*About this task:*
With images removed, return the whole listing exactly as written.

*Record extracts:*
"""
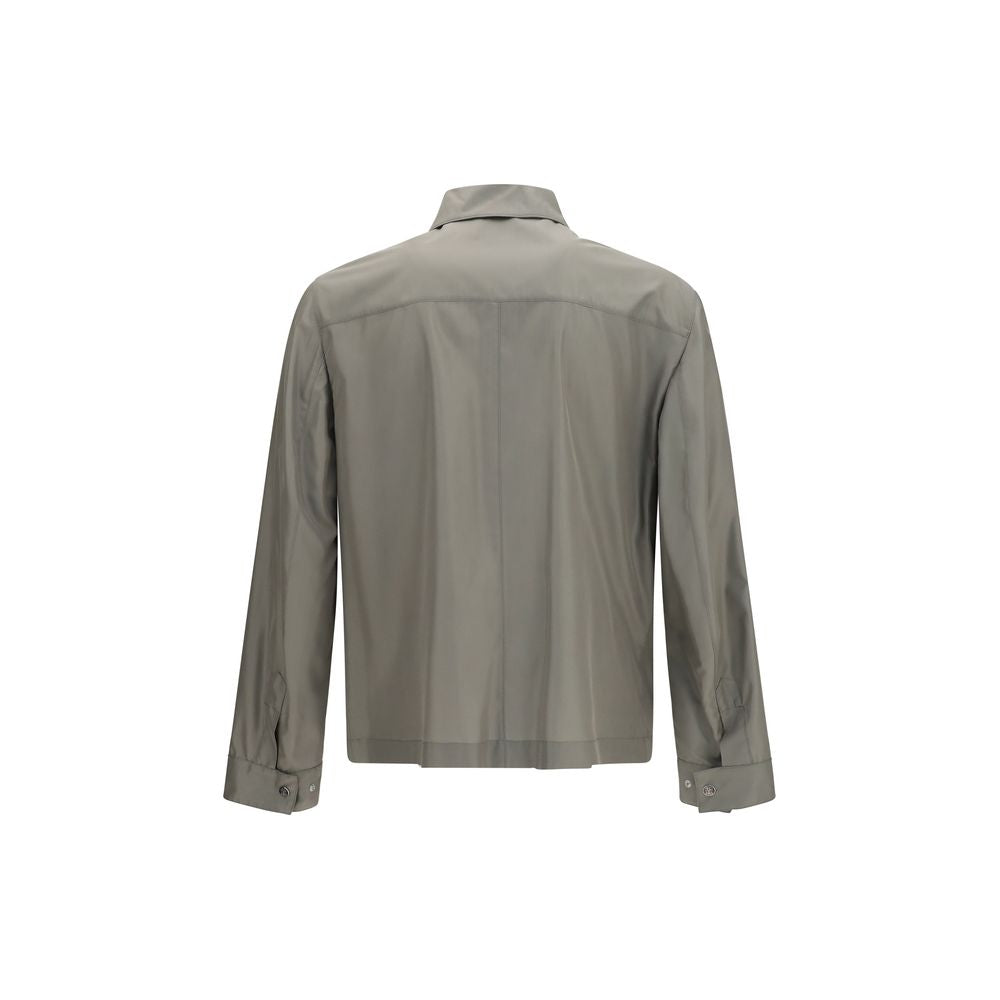 Bicolor Silk Jacket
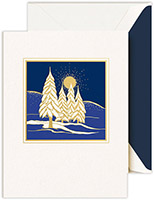 Holiday Greeting Cards by Crane & Co. - Tranquil Night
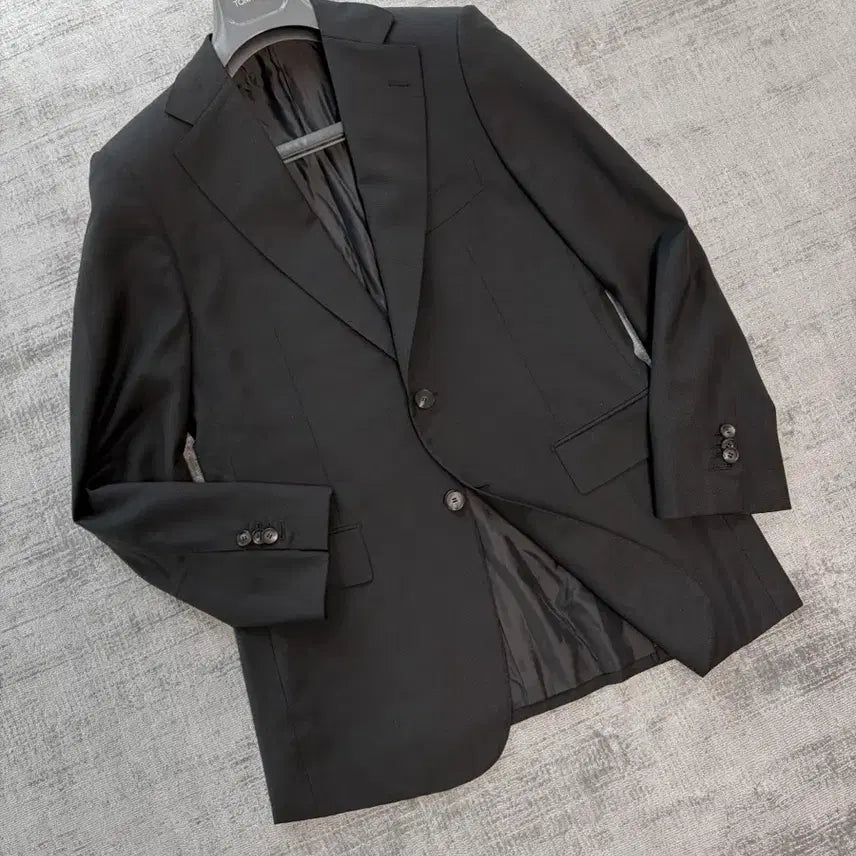 [BUNJANG] Lansmere Newman Line Hand-Sewn Blazer / 란스미어 메인라벨 시그니처 뉴먼라인 핸드쏘운 블레이저 그레이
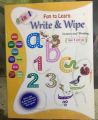 Write and Wipe ABC 123:  Early Learners (Write and Wipe) BOOK.. 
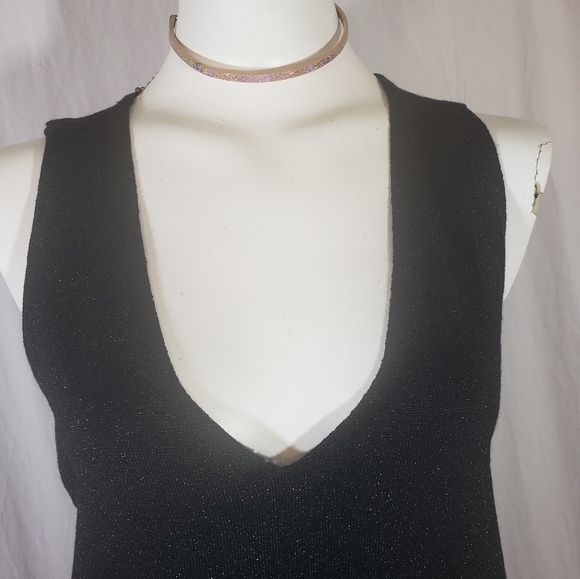 NWT ANN TAYLOR black and white sparkle top - Picture 2 of 8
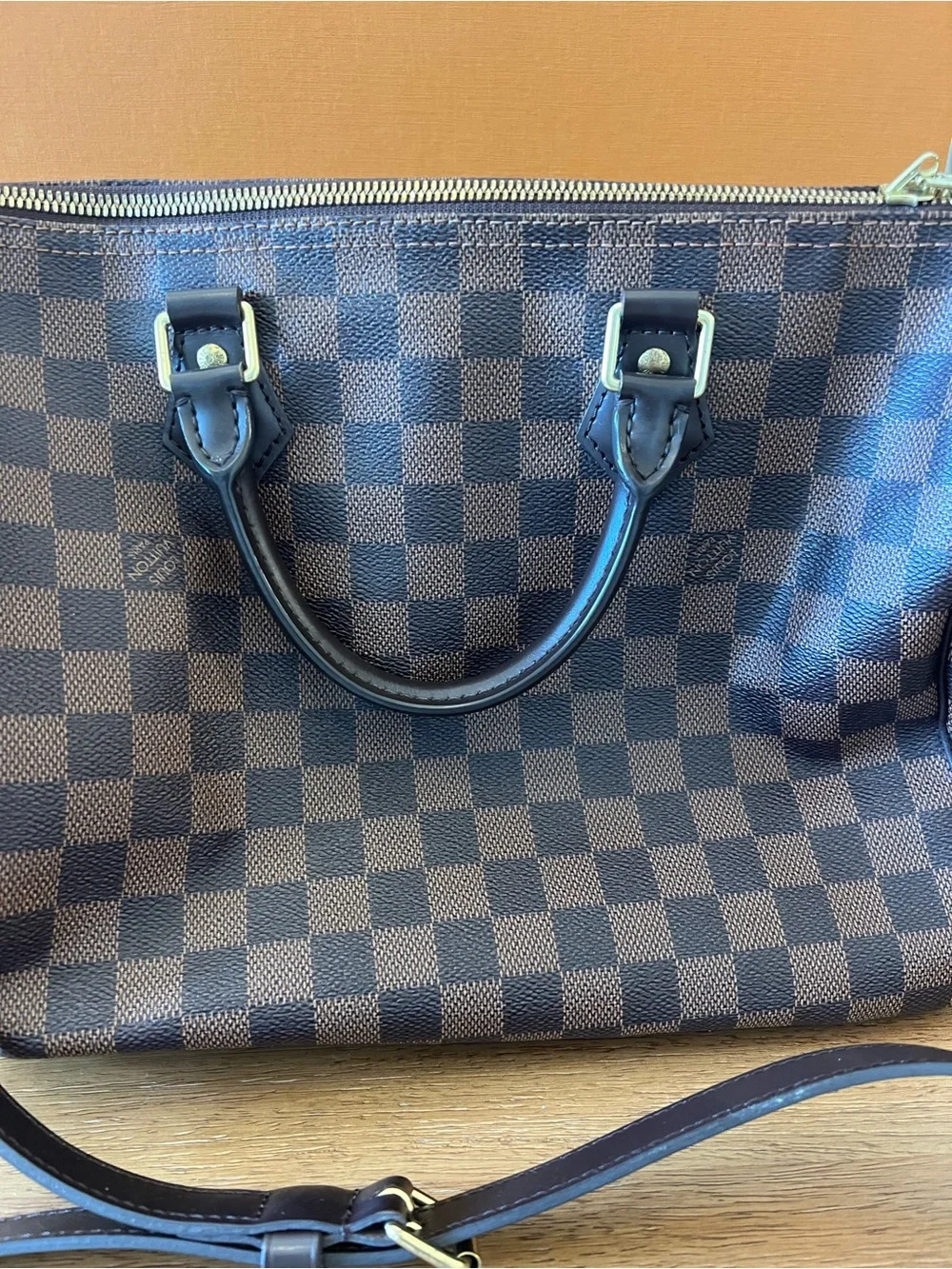Louis Vuitton Speedy Bandoulière 30 Damier Ebene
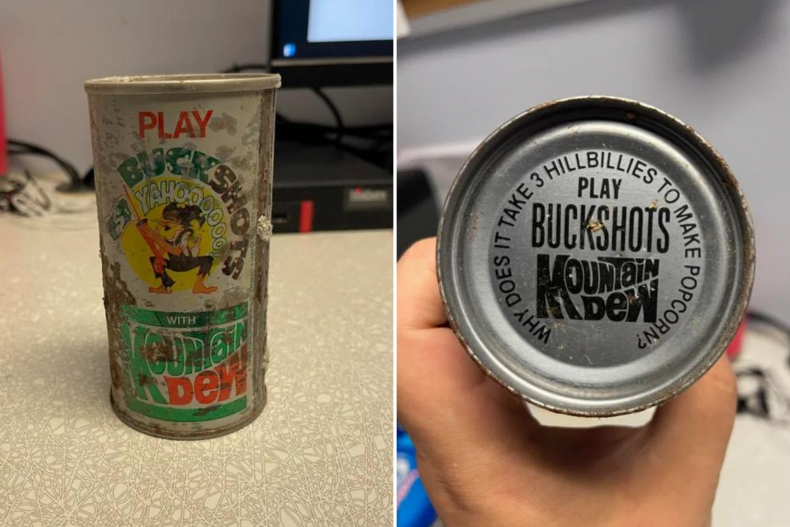 Rare 1970s Mountain Dew Soda Can Found in the Walls During Home Renovation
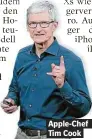  ??  ?? Apple-Chef Tim Cook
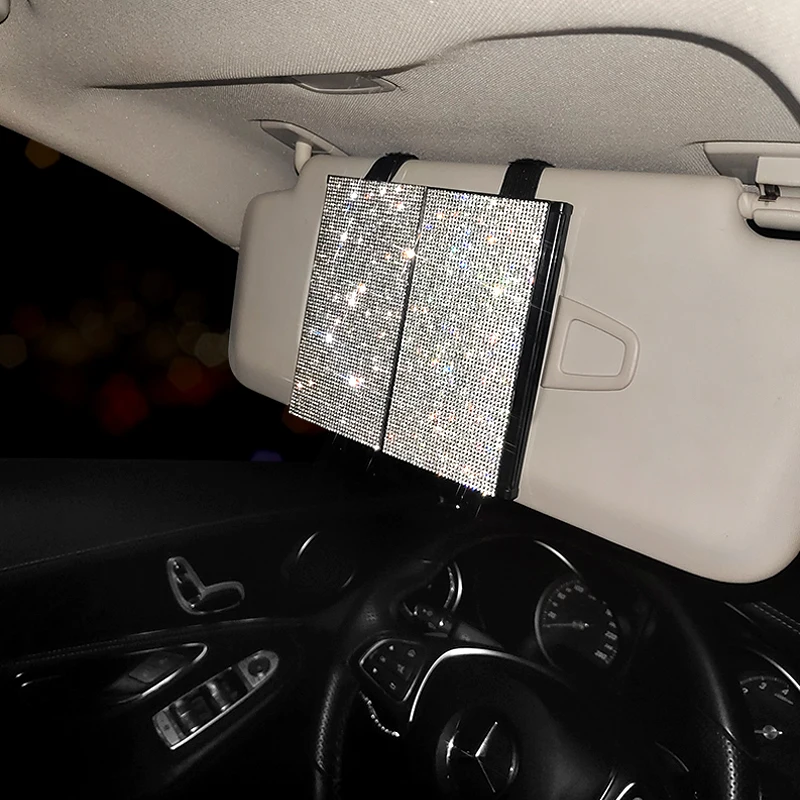 Car Sliver Foldable Mirror Interior Universal Auto Rear View Shade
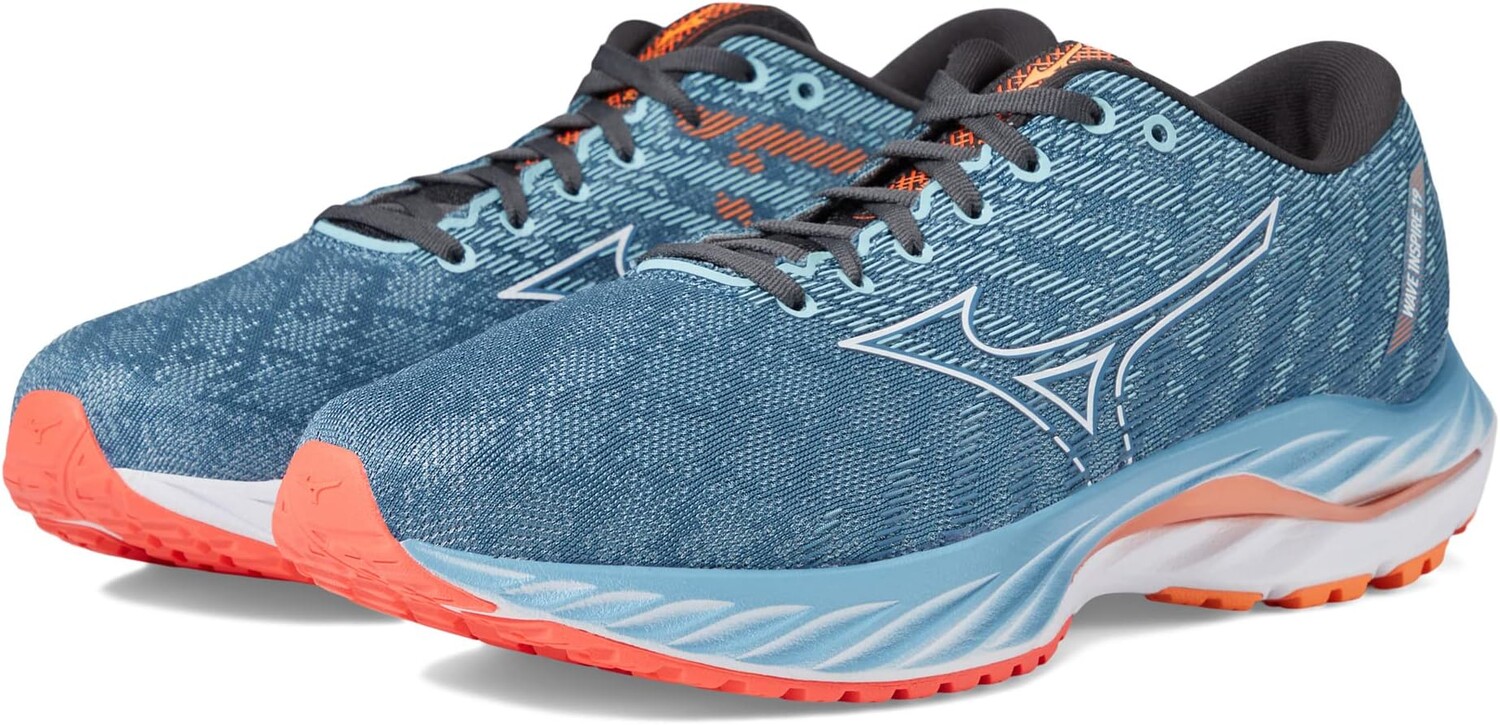 

Кроссовки Wave Inspire 19 Mizuno, цвет Provincial Blue/White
"""
*Result below:*
 Bicolor Silk Jacket
 Holiday Greeting Cards by Crane & Co. - Tranquil Night
 [BUNJANG] Lansmere Newman Line Hand-Sewn Blazer / 란스미어 메인라벨 시그니처 뉴먼라인 핸드쏘운 블레이저 그레이
 Write and Wipe ABC 123:  Early Learners (Write and Wipe) BOOK.. 
 NWT ANN TAYLOR black and white sparkle top - Picture 2 of 8
Louis Vuitton Speedy Bandoulière 30 Damier Ebene
 Rare 1970s Mountain Dew Soda Can Found in the Walls During Home Renovation
  ??  ?? Apple-Chef Tim Cook
 Car Sliver Foldable Mirror Interior Universal Auto Rear View Shade

Кроссовки Wave Inspire 19 Mizuno, цвет Provincial Blue/White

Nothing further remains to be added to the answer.